In summary, there is a huge difference between our two Reflexive Functions. Mandelbrot’s Fractal Equation reveals the deterministic results of particular events. The Living Algorithm reveals the fuzzy shape of living processes associated with Attention. There is even a bigger difference between our two types of logic. Matter’s Set-Based Logic is Absolutist, true or false in all cases. Fractal Logic is particular, with truth evaluated on a case-by-case basis. Further, Fractal Logic is based in replicating patterns. The LA’s Pulse and Triple Pulse are examples of these replicating patterns as applied to Attention.
What is the significance of these differences?
The logic of the system determines the nature of the answer. Matter’s Set Logic enables precise predictions of specific results. The Fractal Logic of recursive functions, e.g. Mandelbrot’s equation and Life’s Living Algorithm, enables the identification of patterns.
To apply Set Logic’s precision to Attention’s interactive feedback loops is misguided foolishness. Doomed to failure, this quest will never be able to reveal the underlying mechanisms that shape an organism’s intentional behavior. Rather than precise predictions, the best we can hope for is to identify the natural rhythms of Attention.
Feedback can also be a problem for Matter. The scientific community has generated the impression that they can make precise predictions regarding all material behavior. Perhaps ideally, but not pragmatically. Set Logic is a great metaphor for Matter, but it falls apart at the edges, just like any other metaphor.

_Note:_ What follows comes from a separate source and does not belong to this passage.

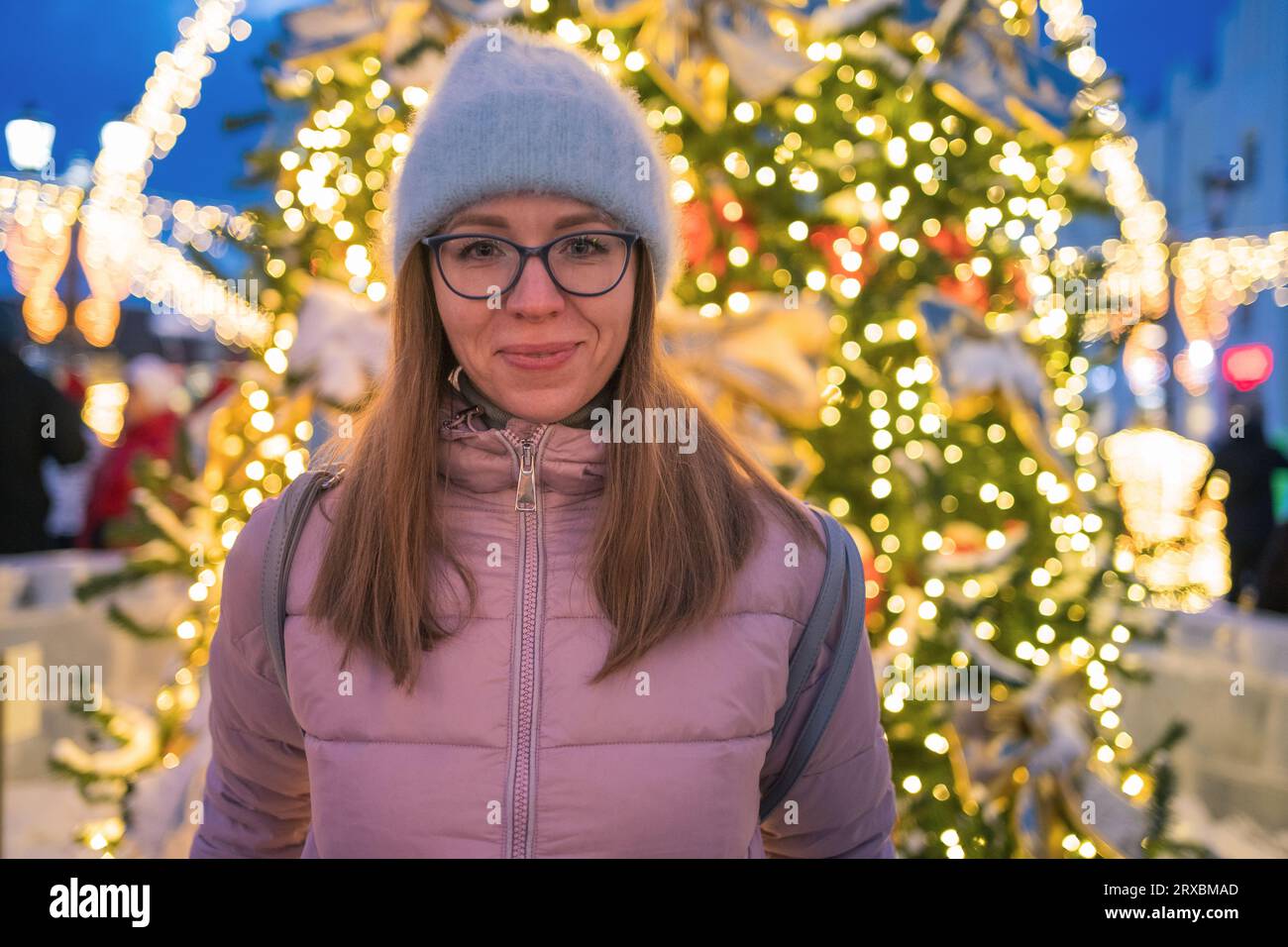 Tolle Urlaubsmomente: Glückliche Frau posiert in der festlichen Silvesterstraße. Stockfoto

Because of an obsession with a deterministic mindset (fuels a feeling of superiority and control), mathematicians and scientists tend to obscure the metaphoric nature of the relationship.
Where are the metaphoric flaws? There are a few significant caveats to the absolute predictability of Matter. First, precision is possible, but only if the initial conditions are clearly defined. Second, the number of factors must be small. Third, it helps if the system is closed. Let us provide some examples.
When objects are engaged in feedback loops, they are subject to the same type of predictive opacity that plagues living systems. For instance, it is virtually impossible to predict the location of a simple pool ball after multiple ricochets (one or two is easy). Why? The multiplication of angles with each bounce.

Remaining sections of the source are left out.